Intellectual property is a term used to describe a variety of creative property that you can own and protect. It is the expression of ideas in either a creative, scientific, or business sense. The US government offers rights to the people that create and express themselves in unique ways by allowing individuals and businesses to protect their original works. There are three categories—copyrights, trademarks, and patents.

Copyright

A copyright provides protection to authors of original works of authorship. It bestows a legal right to exclude others, for a limited time, from copying, selling, performing, displaying, or making derivative versions of that work. Copyright protects your right to reproduce, distribute, perform, or display the created work, and prevents other people from copying or exploiting the creation without your permission. When an original work is created in a fixed form, copyright law begins to take effect. For additional protections, like the ability to sue and receive money for the wrongful use of your copyright, you will need to file the creative material you want protected with the copyright office.

An example of copyrighted/copyrightable material would be the photos taken by a photographer for a wedding. Those individuals interested in using and printing the photos must usually pay for the right to do so.

Usually, only the author of the creative work can claim the copyright.
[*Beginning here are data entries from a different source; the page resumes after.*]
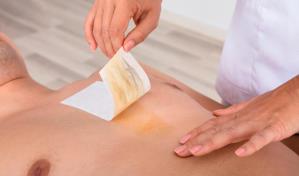 Mujer arrestada tras publicar en Instagram que su hija de 5 años la ayuda a depilar clientes adultos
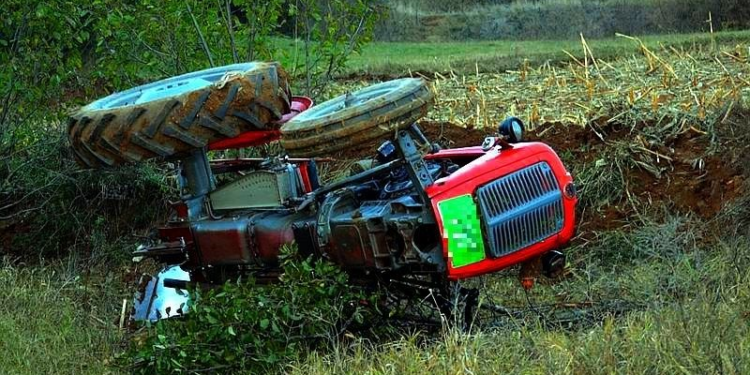 Vdes një burrë në Ferizaj, rrokulliset me traktorin e ngarkuar me dru
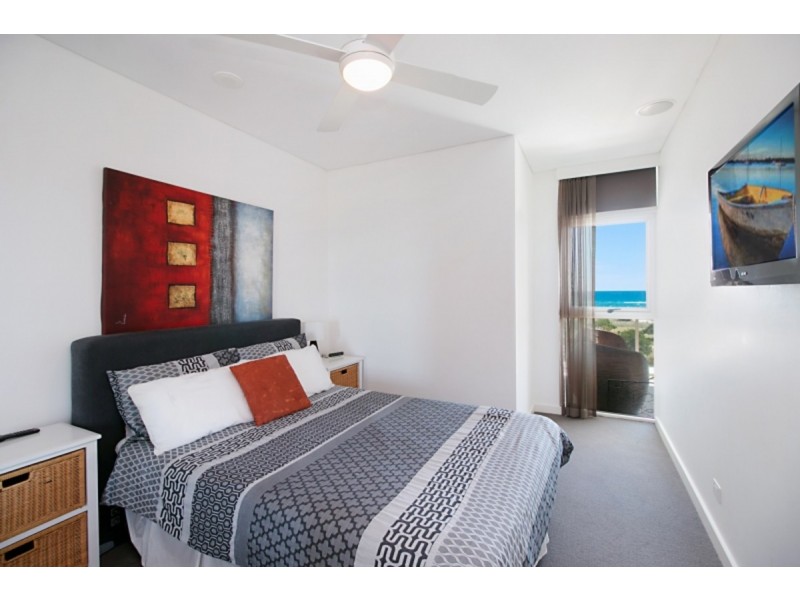 305/2 Creek Street, Coolangatta QLD 4225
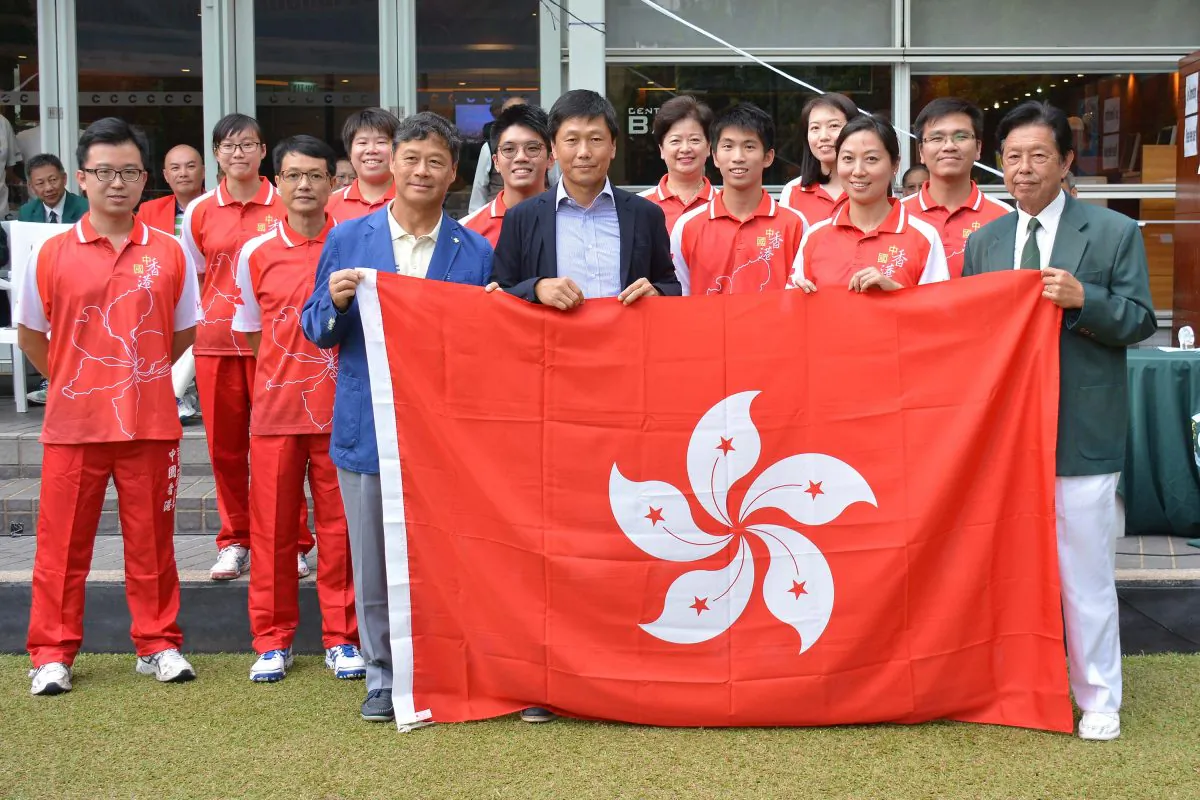 (L-R front row) Mr Ronnie Wong, Secretary General of the Sports Federation & Olympic Committee and Yeung Tak Keung, Commissioner for Sports, Hong Kong Government presented the Hong Kong flag to the team departing to Christchurch for the 2016 World Championship. (Stephanie Worth)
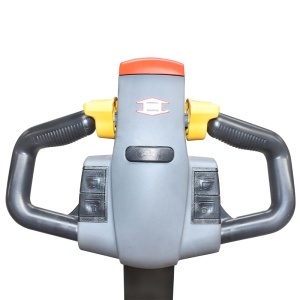 Transpalet electric 1.5T directie 0.65 kW, ridicare 0.84 kW baterie 2x12V 65 Ah BP86 - Img 3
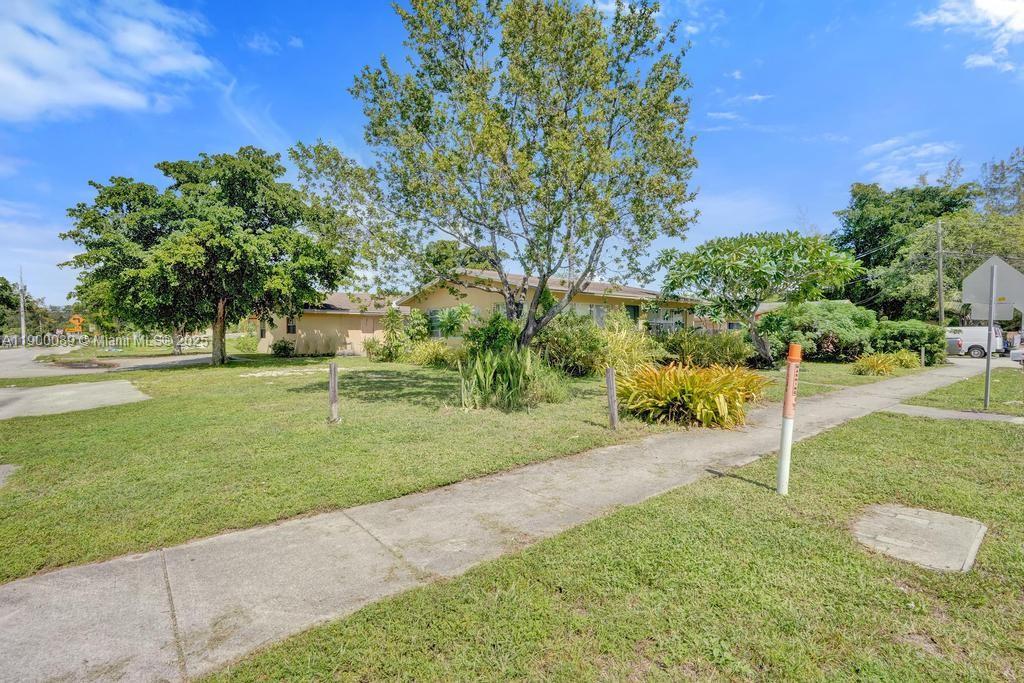 Подробнее   /  4728 кв.футов $ 2025-10-22 0 Фото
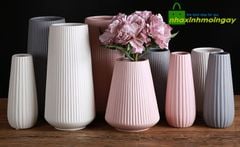 Bình gốm sứ cắm hoa vân sọc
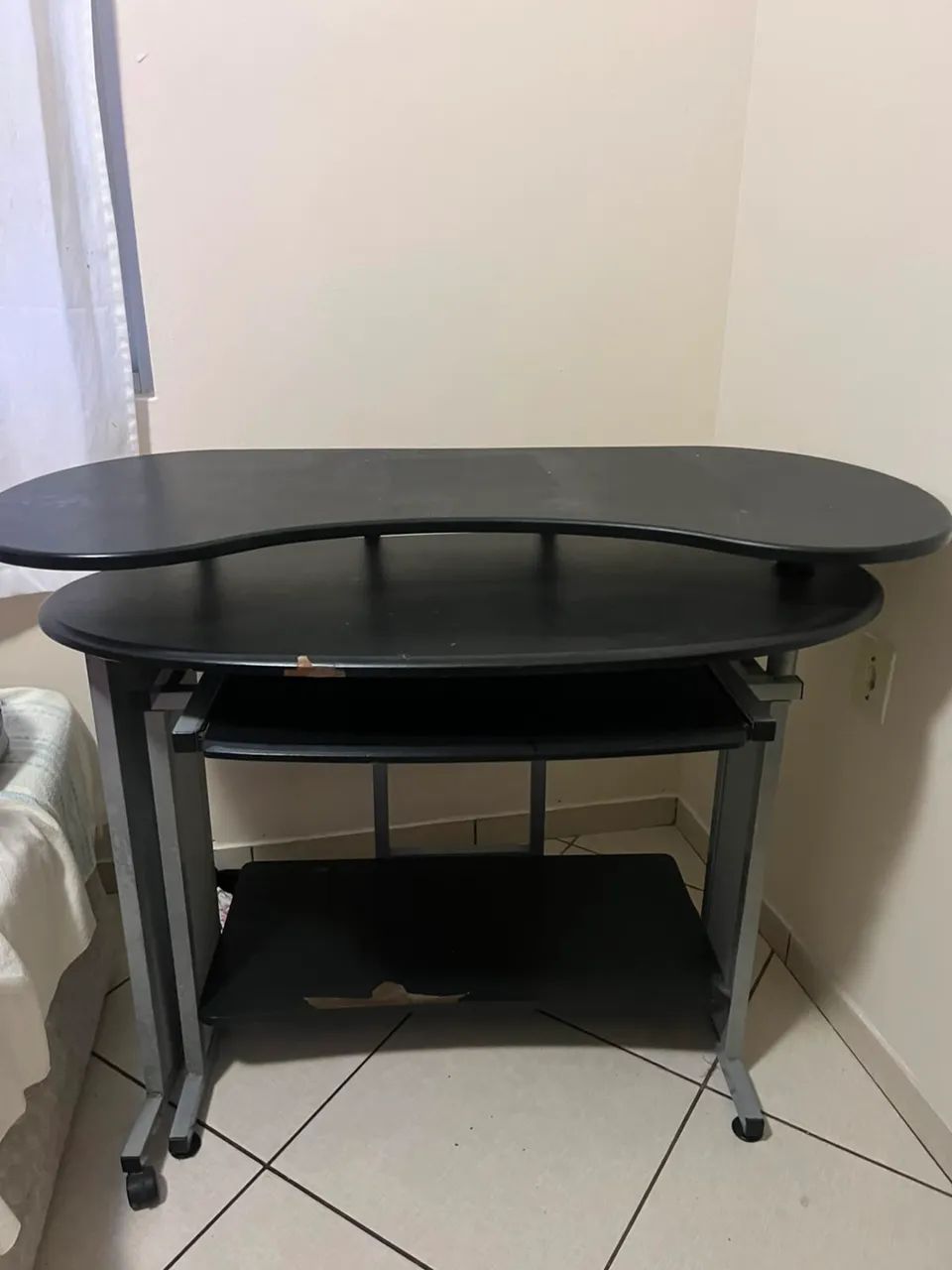 Vendo mesa em L para gamer ou escritório. - Foto 3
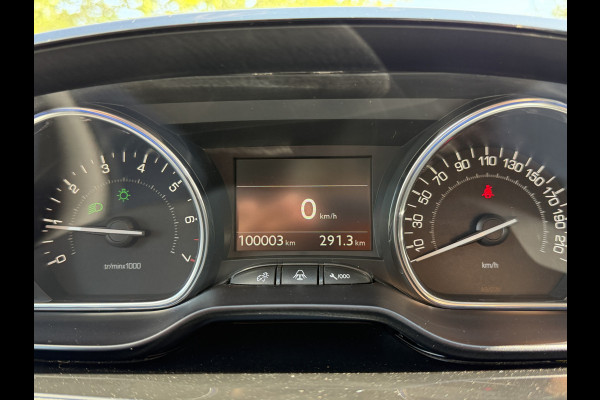 Peugeot 2008 BWJ 2019 | 1.2T 131PK GT-Line | TREKHAAK | LEDER/STOF | STOELVERW | CLIMA | NAVI | PDC | SPORTSTOELEN |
The large exception to this rule is a concept called “works made for hire.” When a work is made for hire, it means the employer is considered the author even if an employee actually created the work. The employer can actually be firm, an organization, or an individual.

These works for hire can be litigious issues. If it not made clear that the works created by the employee are works for hire, and employee might think that he or she is the author and owner. To avoid issues like this, we recommend that part of the employment agreement contain a “works for hire” clause, where the employee agrees that any creative work made for the business will be credited to the business, and not to the employee. If it is an independent contractor that is creating the work, there should be a signed agreement that has the contractor expressly agree to have the work be considered a work made for hire.

Trademark

A trademark is any unique signifier in a word, symbol, design, device, slogan, or combination that identifies and distinguishes your goods and services from others. Registering a trademark helps protect your business by preventing other individuals from using your same name without permission, as well as preventing use of names or marks similar yours. If you have a brand and name that you want to protect from competitor use as you open more locations, you should consider getting a trademark.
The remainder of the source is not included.